I think, though, that as dangerous as pride may be, I have a right to feel it about this dish. I’ve been rewatching the first two seasons of The Great British Baking Show with its new cast (quick assessment: I love and miss Mel and Sue dearly, but I think Noel and Sandi are doing a fine job, and I think I might prefer Prue to Mary Berry just a tad – she doesn’t let Paul get away with as much. Happy to hear your thoughts, fellow obsessors…), and I’m certain that was the source of my inspiration. Certainly it was how I came to the combination of coffee and cardamom.

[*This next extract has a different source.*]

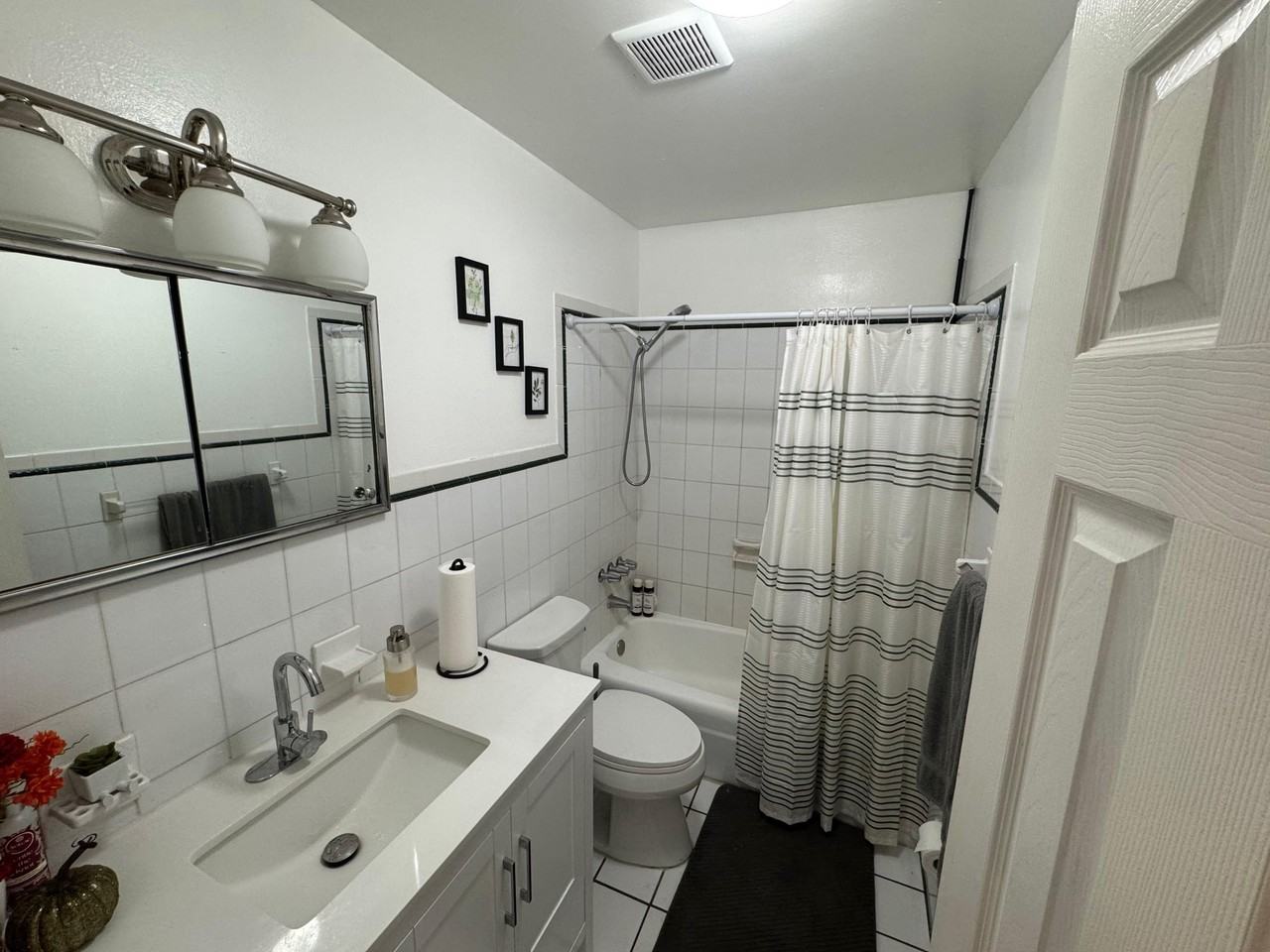 4805 Southwest 66th Way - Photo 3 of 13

This is a glorious play of flavors. Each component of the cake – the sponge, the filling, and the buttercream – has its own star. Together it is a layered, complex combination, but each part is uncrowded. The cake, one of the moistest I’ve ever made, pulls together buttermilk, vegetable oil, and eggs to ensure a tender, luscious crumb. Strong black coffee and instant espresso add flavor, but surprisingly, that flavor is subtle – a suggestion with a sneaky kick of caffeine rather than the bitter slap a cup of the stuff can have.

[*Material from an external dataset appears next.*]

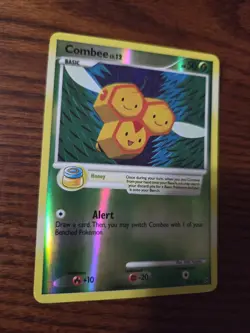 Combee 57/100 - Stormfront - Pokemon TCG Reverse Holo - Image 3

Cardamom flavors the buttercream, and here I decided I wanted something new. I’ve dabbled in American buttercream before, and though I’ve achieved praiseworthy fluffiness and pipe-able texture, it remains as a product overwhelmingly, tooth achingly sweet. There are other buttercreams out there – French and Swiss and Italian – that rely on eggs, rather than pounds of powdered sugar, for their structure. In part to assuage the sweetness problem but in larger part because I have all this meringue powder left from my royal icing experiment a few weeks ago, I decided to try one out, and I was magnificently rewarded: the Italian buttercream that enrobed the cake was fluffy and rich but surprisingly light, spicy from the cardamom and not overly sweet, and it spread and piped like a dream (the first time I typed cream. Appropriate I’d say, Mr. Freud).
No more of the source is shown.